The fire protection district needs help from its voters just to scrape by at this point, Chief Dave Vroman explains.
The town of Vail and the voters in the Eagle River Fire Protection District have seen the need to invest in their own safety in recent years, and the Greater Eagle district on a mill levy basis has a little more to work with than Gypsum now.
Gypsum held back from asking for help from the voters until last year. The voters said no then. They should say yes this election.
The price for firefighters being first responders to car accidents, heart attacks, wildfires and yes, house fires, becomes very low when it’s your or your loved ones’ lives and property they are saving.
If you own a home worth $200,000, the price is an additional $7 a month for the fire district to maintain where it is now. No big raises. No fancy new gear. No great investments.
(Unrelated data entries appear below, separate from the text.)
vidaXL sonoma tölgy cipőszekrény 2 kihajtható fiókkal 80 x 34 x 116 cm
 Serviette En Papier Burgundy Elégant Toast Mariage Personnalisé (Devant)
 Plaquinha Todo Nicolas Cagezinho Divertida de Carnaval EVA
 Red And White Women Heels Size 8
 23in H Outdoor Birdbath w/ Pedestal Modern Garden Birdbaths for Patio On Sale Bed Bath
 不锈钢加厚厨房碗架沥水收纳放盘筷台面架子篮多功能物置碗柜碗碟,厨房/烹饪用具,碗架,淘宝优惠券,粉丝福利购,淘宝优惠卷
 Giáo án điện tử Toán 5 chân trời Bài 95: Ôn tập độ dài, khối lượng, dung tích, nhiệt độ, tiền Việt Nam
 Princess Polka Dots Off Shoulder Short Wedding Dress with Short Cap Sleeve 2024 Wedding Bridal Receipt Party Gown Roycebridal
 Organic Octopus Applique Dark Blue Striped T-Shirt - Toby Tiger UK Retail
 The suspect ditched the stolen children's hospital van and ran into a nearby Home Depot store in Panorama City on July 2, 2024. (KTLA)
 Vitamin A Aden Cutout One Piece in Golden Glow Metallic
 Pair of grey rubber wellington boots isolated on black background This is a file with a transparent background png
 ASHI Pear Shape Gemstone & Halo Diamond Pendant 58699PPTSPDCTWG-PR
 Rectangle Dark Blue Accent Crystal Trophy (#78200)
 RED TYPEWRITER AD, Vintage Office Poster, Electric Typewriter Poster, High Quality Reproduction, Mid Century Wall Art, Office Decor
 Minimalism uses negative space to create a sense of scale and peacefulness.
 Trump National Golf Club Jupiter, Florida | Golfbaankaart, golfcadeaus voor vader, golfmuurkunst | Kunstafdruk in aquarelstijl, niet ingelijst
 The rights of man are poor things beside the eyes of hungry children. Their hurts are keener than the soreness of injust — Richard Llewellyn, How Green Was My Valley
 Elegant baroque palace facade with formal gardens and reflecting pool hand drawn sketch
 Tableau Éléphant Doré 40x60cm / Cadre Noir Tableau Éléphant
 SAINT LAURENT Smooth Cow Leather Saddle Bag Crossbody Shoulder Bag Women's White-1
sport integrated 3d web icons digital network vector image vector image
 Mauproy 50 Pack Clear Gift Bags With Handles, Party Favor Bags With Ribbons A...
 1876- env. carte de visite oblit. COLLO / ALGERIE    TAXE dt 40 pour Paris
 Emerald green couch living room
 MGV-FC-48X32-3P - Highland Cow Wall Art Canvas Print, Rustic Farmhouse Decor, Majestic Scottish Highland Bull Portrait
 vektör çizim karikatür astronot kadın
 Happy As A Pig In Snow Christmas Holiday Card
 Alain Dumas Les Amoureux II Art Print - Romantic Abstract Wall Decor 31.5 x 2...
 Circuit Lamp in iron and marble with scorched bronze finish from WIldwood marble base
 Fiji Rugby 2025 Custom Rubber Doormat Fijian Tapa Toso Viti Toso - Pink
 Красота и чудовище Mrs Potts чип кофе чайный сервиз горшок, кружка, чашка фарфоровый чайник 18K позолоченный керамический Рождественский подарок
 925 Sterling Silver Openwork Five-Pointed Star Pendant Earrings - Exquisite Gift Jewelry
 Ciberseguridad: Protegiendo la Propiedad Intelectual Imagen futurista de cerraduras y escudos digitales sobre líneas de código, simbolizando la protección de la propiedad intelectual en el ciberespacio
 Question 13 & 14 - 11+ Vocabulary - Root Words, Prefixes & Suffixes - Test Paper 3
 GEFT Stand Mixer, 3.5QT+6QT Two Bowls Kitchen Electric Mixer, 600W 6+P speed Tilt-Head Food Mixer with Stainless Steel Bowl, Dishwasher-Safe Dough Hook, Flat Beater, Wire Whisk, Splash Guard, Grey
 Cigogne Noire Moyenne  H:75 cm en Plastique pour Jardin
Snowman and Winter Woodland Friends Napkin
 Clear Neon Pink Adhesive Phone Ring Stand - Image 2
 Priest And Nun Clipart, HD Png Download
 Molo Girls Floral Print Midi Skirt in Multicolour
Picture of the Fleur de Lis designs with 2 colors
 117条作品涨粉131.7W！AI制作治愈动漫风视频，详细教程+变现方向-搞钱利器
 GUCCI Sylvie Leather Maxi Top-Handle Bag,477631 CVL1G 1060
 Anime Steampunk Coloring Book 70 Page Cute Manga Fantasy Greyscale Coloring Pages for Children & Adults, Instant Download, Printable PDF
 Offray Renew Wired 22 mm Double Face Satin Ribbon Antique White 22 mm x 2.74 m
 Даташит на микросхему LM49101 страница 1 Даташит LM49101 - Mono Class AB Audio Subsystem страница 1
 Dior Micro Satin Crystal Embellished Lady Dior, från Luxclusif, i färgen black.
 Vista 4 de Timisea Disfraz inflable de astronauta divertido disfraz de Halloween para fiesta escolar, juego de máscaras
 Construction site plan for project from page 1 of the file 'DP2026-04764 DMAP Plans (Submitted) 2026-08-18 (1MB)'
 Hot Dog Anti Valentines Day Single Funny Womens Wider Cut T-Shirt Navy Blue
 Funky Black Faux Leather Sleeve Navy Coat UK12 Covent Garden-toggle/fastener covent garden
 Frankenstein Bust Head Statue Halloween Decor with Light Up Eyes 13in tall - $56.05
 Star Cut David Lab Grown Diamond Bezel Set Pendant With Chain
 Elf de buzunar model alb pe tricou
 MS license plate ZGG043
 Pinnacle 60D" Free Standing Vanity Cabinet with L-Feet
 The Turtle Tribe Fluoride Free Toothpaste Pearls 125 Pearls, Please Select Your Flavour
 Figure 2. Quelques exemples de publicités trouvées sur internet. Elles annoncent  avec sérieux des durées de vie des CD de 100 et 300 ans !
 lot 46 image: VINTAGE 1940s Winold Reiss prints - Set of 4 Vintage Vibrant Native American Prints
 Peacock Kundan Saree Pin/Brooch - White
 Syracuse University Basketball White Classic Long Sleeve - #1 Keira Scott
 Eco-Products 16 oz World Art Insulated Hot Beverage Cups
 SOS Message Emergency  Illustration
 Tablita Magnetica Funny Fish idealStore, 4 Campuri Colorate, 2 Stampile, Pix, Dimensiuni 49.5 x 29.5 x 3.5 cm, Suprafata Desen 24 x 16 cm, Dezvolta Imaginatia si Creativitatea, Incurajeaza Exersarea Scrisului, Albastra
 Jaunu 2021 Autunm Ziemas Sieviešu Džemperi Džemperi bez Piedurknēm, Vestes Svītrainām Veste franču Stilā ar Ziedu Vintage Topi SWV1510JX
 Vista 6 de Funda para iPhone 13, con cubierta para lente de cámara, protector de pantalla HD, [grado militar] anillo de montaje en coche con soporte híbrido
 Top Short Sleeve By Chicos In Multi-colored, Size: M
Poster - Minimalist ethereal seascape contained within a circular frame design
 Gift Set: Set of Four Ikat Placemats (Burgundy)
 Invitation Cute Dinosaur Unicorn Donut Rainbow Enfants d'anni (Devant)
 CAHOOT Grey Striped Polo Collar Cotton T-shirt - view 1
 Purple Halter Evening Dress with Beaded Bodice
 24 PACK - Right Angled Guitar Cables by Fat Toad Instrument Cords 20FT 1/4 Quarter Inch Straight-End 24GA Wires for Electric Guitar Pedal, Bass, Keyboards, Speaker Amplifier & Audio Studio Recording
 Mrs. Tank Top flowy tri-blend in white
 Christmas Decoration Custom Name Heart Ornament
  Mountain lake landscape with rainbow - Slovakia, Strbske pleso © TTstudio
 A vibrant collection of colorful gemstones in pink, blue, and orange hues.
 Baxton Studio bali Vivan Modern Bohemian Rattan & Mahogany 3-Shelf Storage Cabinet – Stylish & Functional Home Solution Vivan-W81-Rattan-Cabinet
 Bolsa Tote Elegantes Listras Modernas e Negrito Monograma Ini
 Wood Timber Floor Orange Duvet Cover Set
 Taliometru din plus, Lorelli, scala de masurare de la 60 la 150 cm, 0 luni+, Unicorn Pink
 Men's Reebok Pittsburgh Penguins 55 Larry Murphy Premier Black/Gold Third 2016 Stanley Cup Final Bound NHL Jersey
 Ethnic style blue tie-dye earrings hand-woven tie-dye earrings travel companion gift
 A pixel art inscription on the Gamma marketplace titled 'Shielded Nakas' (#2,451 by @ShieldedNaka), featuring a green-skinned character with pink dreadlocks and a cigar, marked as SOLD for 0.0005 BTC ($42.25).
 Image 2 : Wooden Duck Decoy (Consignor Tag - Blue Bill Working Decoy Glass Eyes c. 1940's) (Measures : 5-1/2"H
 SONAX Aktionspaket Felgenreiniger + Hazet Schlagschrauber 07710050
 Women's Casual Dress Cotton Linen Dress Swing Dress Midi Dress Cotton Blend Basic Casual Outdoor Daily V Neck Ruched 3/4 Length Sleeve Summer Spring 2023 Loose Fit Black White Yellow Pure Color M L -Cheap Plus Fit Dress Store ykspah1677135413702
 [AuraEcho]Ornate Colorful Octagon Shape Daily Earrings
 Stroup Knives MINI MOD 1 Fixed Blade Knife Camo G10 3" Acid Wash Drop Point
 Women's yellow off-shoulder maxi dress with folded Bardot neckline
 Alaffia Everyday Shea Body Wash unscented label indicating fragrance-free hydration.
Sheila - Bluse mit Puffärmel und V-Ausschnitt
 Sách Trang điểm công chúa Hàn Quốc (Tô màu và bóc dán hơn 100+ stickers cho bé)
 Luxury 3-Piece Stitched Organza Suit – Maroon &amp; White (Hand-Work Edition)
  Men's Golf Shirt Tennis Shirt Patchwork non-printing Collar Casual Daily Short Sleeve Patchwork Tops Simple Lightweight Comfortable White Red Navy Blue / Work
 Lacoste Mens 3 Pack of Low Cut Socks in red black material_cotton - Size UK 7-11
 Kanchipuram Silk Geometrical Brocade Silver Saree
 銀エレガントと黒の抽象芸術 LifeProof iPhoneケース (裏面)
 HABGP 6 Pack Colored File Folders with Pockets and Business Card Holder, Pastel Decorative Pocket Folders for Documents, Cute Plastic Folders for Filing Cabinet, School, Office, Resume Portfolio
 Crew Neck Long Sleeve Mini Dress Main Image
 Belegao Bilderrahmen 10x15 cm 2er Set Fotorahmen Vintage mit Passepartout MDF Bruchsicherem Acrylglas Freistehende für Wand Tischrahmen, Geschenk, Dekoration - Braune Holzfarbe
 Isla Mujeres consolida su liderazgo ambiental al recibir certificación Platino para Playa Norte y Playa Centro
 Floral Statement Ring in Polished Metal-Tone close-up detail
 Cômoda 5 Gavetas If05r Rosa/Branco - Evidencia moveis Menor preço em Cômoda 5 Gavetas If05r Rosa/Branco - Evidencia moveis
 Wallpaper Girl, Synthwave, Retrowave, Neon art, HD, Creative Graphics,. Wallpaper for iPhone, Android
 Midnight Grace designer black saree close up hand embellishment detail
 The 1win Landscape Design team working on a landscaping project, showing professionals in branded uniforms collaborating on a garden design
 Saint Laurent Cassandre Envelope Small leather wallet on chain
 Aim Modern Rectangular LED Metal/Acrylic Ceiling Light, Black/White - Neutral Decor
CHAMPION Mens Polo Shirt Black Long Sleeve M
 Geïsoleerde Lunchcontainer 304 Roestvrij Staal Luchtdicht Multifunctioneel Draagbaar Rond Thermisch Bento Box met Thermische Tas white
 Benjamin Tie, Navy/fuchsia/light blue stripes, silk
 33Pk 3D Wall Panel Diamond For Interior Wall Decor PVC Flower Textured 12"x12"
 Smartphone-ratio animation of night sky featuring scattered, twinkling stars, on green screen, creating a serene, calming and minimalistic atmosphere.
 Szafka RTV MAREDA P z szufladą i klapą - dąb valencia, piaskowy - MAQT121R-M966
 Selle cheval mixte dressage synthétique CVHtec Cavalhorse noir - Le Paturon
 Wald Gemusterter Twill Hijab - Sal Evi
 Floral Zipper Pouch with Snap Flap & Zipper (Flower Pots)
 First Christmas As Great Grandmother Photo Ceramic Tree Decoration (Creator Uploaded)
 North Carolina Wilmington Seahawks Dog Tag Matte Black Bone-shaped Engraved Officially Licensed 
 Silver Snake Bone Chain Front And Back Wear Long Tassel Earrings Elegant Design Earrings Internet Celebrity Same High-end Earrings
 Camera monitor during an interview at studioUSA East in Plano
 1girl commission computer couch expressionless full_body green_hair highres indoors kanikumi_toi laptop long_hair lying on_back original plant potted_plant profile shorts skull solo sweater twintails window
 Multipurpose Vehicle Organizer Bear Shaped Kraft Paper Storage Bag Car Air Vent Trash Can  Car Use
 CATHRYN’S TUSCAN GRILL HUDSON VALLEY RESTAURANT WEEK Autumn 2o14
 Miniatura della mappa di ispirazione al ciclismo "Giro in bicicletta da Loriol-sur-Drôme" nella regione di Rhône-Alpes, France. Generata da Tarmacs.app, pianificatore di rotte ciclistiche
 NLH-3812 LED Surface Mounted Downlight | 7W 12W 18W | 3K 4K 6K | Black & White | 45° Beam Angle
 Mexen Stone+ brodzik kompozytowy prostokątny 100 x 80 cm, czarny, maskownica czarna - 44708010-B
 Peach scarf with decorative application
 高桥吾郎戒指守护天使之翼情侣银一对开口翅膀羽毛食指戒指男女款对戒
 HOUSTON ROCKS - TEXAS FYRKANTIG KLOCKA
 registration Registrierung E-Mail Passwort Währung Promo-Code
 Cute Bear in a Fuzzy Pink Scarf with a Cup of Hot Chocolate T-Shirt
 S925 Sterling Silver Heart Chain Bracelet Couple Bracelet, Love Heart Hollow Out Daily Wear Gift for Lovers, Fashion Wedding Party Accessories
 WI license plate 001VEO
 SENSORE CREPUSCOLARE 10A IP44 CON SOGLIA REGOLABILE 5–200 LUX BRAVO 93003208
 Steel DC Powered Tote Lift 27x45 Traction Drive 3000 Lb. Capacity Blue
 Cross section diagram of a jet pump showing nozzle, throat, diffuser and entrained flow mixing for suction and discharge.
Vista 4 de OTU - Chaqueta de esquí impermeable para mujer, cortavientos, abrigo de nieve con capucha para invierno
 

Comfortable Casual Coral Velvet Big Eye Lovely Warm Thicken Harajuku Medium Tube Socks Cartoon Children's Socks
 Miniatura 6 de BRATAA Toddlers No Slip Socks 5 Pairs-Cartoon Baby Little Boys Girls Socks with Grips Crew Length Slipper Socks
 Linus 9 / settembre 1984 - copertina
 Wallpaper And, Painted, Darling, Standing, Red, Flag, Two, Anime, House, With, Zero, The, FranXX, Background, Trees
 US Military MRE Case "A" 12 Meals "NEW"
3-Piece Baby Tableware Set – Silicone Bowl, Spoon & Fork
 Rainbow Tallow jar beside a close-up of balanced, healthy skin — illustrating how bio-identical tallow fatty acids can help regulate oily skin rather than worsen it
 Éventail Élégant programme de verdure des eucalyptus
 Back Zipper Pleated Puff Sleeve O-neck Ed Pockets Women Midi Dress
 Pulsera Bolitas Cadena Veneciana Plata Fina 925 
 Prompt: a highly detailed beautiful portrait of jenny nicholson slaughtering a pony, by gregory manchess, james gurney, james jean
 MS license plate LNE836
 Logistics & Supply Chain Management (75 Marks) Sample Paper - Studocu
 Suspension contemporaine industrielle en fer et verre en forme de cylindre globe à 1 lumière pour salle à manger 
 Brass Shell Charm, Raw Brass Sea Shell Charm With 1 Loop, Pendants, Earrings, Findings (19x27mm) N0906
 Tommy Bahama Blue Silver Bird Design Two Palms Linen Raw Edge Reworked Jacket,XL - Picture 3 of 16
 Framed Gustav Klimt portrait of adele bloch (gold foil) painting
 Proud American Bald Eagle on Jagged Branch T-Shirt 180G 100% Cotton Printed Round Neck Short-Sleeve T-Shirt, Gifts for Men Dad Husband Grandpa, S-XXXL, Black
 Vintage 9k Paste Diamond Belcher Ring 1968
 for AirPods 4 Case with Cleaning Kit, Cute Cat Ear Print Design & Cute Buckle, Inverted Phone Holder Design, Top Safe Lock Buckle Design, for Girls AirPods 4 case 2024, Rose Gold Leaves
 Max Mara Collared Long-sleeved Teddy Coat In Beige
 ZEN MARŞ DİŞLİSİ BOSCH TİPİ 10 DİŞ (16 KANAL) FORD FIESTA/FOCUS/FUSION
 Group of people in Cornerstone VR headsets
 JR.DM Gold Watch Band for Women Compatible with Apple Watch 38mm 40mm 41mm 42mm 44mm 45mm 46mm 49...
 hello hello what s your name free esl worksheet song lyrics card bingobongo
Much as all that actually may be needed for the future, that’s not what this request is about.
Gypsum is small enough that you can drop in at the town fire station and see for yourself. The chief will be happy to talk with you about the department’s needs and how that might affect service for you, which no one hopes you’ll ever need.
Gypsum is the most conservative community in the county. And even with economic recovery that has sales tax revenues countywide up around 6 percent above last year at this time, obviously recession’s weight still lingers.
So this might the toughest community for getting a tax increase of any kind passed.
I’d submit that starving the local fire department isn’t a wise course even for ardent conservatives. After all, don’t the firefighters count as bottom line “life and safety” that should be funded, along with police, roads and at a national level, the military?
The fire district held out through the first few years of the downturn, aided by the odd timing of property valuations that slowed the pace of declines in its source of revenue. Now that timing serves as a hangover as the general economy improves, while older property valuations cause this revenue to continue declining.
If they weren’t in rather desperate straits, they wouldn’t be asking again for the second year, I’m sure.
It took Eagle River two years to get the message across and win approval for their tax hike. This year’s request by Gypsum has the notable improvement of a sunset on the tax.
The idea is to get the department across a funding chasm. As property values grow, the need for help will lessen, and this rate increase would end in six years.
So while the levy would increase to about where Greater Eagle’s rate is now, it’s not forever.
But the need is now. Gypsum Fire is there for you. They just need you to be there for them.
So they can continue to do their part.